Objective coverage of church-state and religious liberty developments, with extensive links to primary sources.
Saturday, July 16, 2011
9th Circuit Now Says Recruitment Portion of DADT Can Be Implemented On Congress' Timetable
Once again, the U.S. 9th Circuit Court of Appeals has changed the rules on enforcement of the military's "Don't Ask, Don't Tell" policy. Last October, a district court enjoined enforcement of DADT. In November, the 9th Circuit stayed that injunction, allowing enforcement of DADT pending appeal. However on July 7, the 9th Circuit lifted the stay, reinstituting the enforcement ban. (See prior posting.) Now, in an order handed down yesterday in response to an emergency motion for reconsideration, in Log Cabin Republicans v.
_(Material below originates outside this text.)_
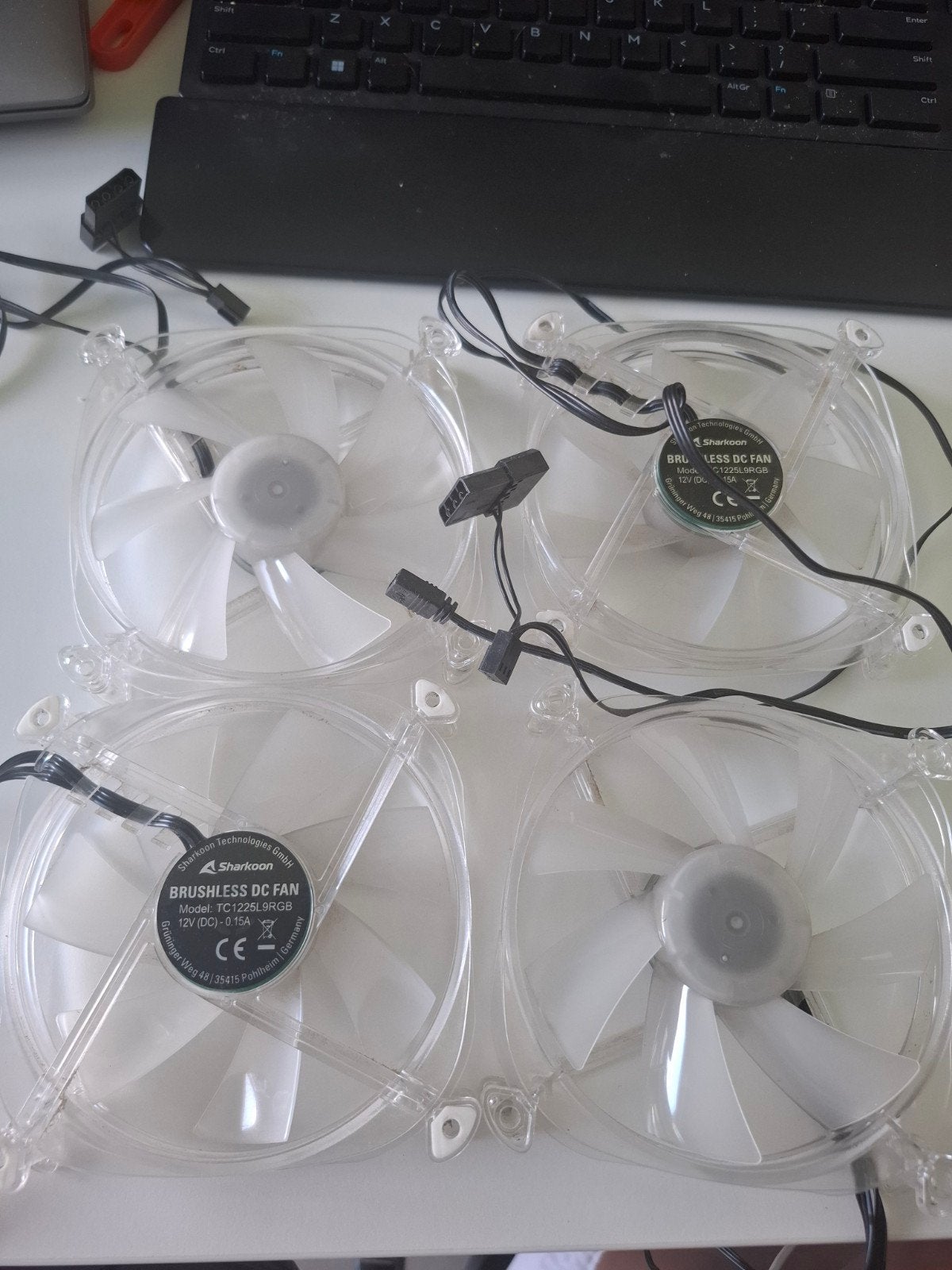 4x Sharkoon RGB PC Fans - Wit - 120mm, Computers en Software, Computerkoelers, Ophalen of Verzenden, Zo goed als nieuw, Luchtkoeling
United States, (9th Cir., July 15, 2011), the court changed its mind again and permitted enforcement of one aspect of DADT. Under the ruling, the military may not investigate, penalize or discharge any current service members under DADT. However the military does not need to change its recruiting practices at this time. As reported by the Washington Blade, the military may for now continue to apply DADT to prevent openly gay individuals from enlisting in the military. Instead the military will apparently be able to implement an end to DADT recruiting practices on its own timetable as set out in Congressional repeal legislation passed last year. Explaining its order, the 9th Circuit said that the government had not informed the court how far along it was in implementation of the Congressional DADT repeal. However the court also ordered the government to file additional information explaining why it had failed to previously give the court this information.